<<<<
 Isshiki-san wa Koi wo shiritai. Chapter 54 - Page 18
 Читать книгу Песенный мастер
>>>>
<<<<
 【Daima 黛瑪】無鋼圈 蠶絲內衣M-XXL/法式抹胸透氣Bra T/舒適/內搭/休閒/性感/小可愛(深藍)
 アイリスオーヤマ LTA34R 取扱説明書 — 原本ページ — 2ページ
>>>>
<<<<
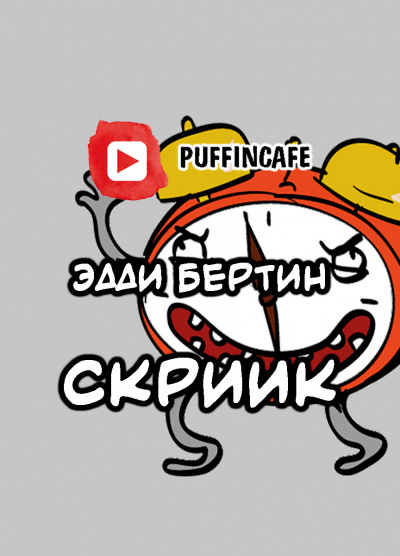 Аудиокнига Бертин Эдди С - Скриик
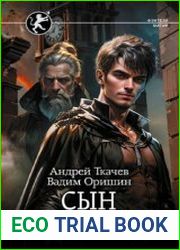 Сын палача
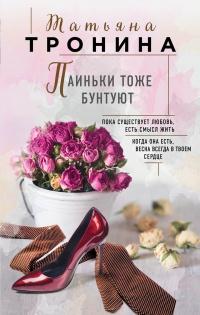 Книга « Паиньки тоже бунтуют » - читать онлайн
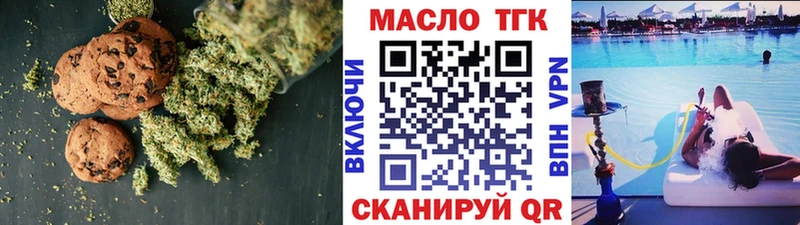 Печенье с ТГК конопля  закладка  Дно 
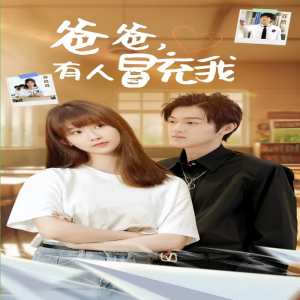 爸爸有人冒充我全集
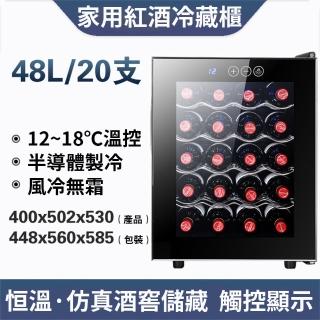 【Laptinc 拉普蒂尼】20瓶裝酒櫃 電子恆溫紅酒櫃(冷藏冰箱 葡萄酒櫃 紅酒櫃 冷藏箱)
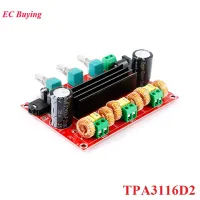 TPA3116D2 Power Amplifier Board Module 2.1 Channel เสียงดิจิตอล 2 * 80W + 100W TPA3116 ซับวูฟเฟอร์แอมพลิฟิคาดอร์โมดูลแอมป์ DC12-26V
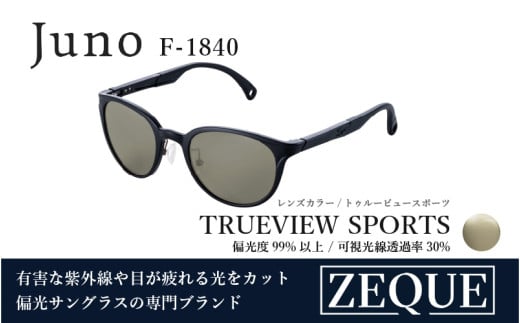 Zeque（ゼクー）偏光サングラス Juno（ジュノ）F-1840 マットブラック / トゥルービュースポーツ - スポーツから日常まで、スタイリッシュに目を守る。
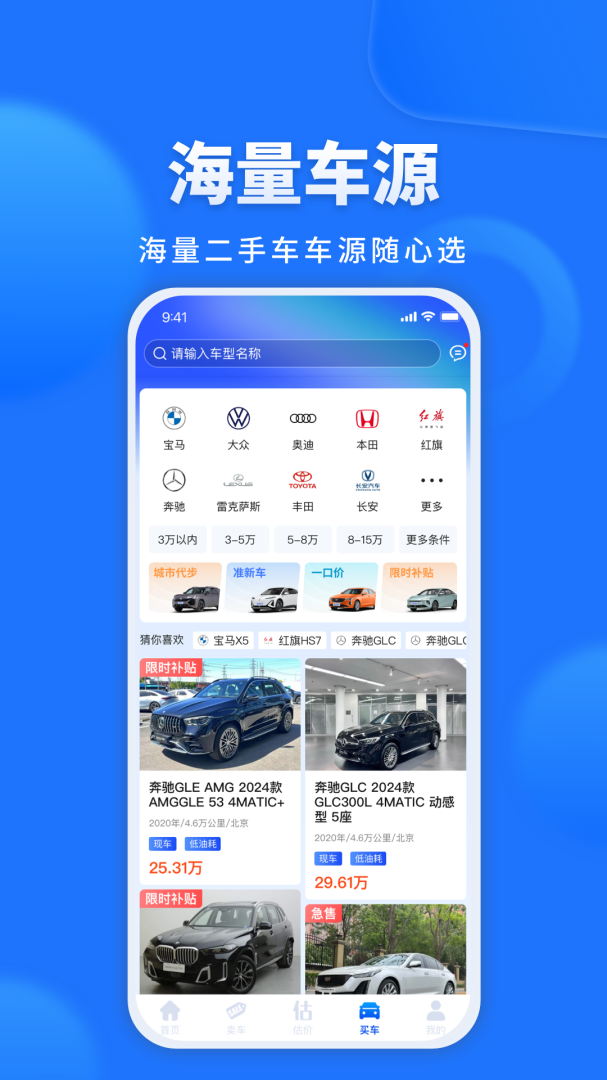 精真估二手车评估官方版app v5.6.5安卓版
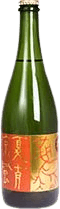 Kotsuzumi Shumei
>>>>
[TASK] Above are the entries. Output exactly the lines beginning with the line that has "Isshiki-san wa Koi" and ending with the line that has "Читать книгу Песенный мастер".

[OUTPUT]
 Isshiki-san wa Koi wo shiritai. Chapter 54 - Page 18
 Читать книгу Песенный мастер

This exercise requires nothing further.